Posted on July 25, 2019 under Thursday Tidbits with no comments yet

Athena and Ivory


“I scream, you scream, we all scream for ice cream.”

Ice Cream. Howard Johnson.

I’m absolutely incorrigible.

I arrived home in early June after walking the Camino. With the exception of my marathon years, I was probably in the best shape of my life. My weight dropped below 170 lbs for the first time in a decade and I was lean and mean.

Now I’m just mean.

Walking 713K required a great deal of fuel. When you’re walking 31K a day, you can eat just about anything (which I did!) and your body will burn it up. But when you’re not walking all day, every day and you keep eating like you were on the Camino, bad things happen. Look no further than your belt buckle.

I have had the pleasure of spending the month of July with two lovely 11 year old ladies from Montreal. They’re leaving for home on Sunday which is bittersweet.

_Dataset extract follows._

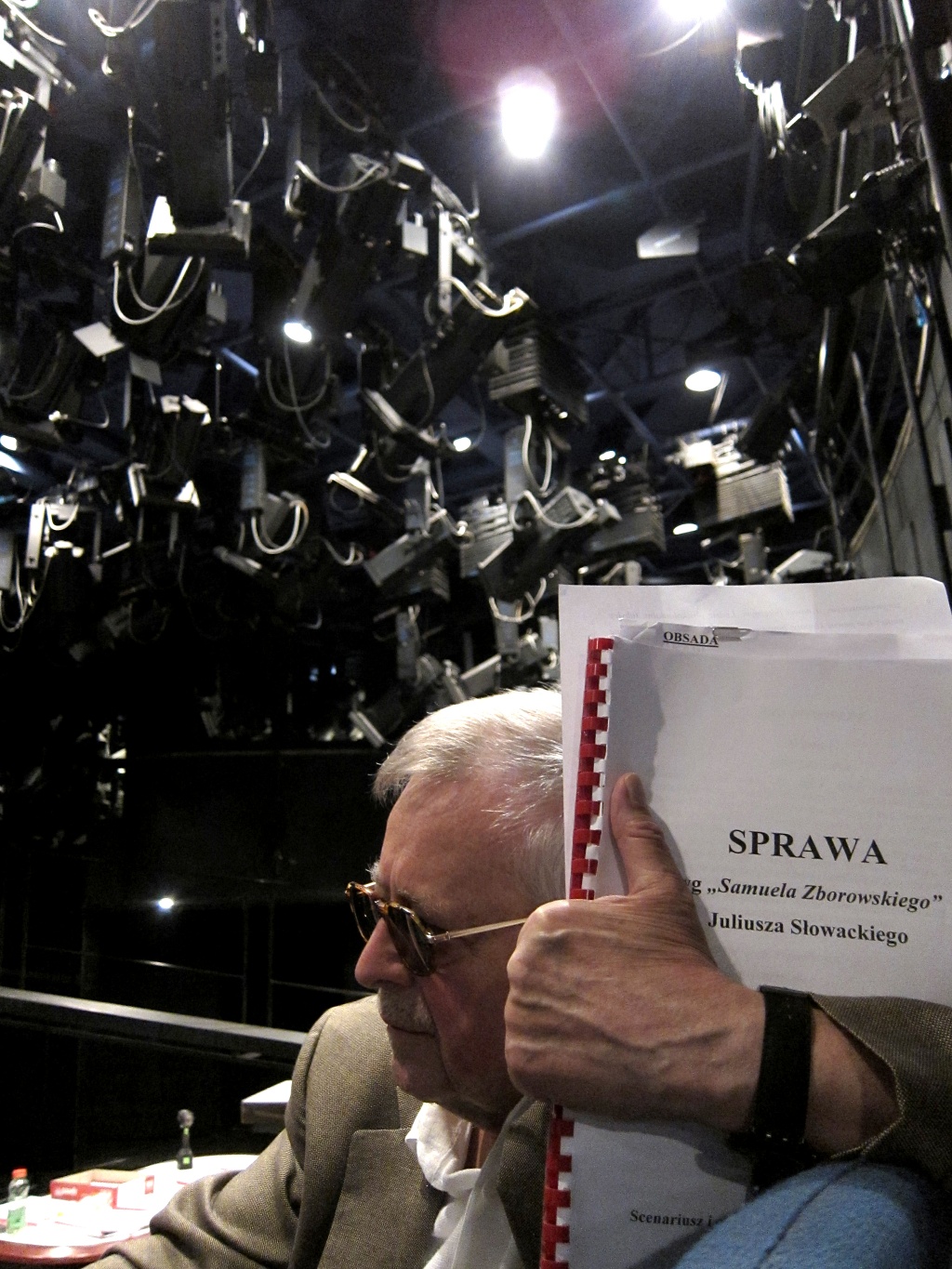 Jerzy Jarocki podczas prób „Sprawy” wg „Samuela Zborowskiego” Juliusza Słowackiego. Premiera w Teatrze Narodowym 17 września 2011. Fot. Stefan Okołowicz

We’ve had a lot of adventures. They’ve kept me on my toes. We’ve gone to the beach frequently; played board games, visited the library and did a big trip around the Cabot Trail. But the primary occupation every day was the quest for ice cream.

Someone (not me) promised the girls that they could have ice cream every day of their stay in Antigonish. That’s 30 days. I am not one to shirk my duties lightly. I took this as an order and not a suggestion.

I’m sure we didn’t get to every single ice cream stand but we got to most of them. Michelle’s Grill in the mall parking lot was on our list. Besides ice cream, Michelle also serves a delicious pineapple curry chicken stir fry, my personal favourite on her menu. The Koala Cone is dangerously situated about a 4 minute crawl from our apartment. We got to know the staff very well. Just off of the far end on Main Street on Adams Street is Granny’s Antiques and Gifts. Granny’s greatest gift is ice cream!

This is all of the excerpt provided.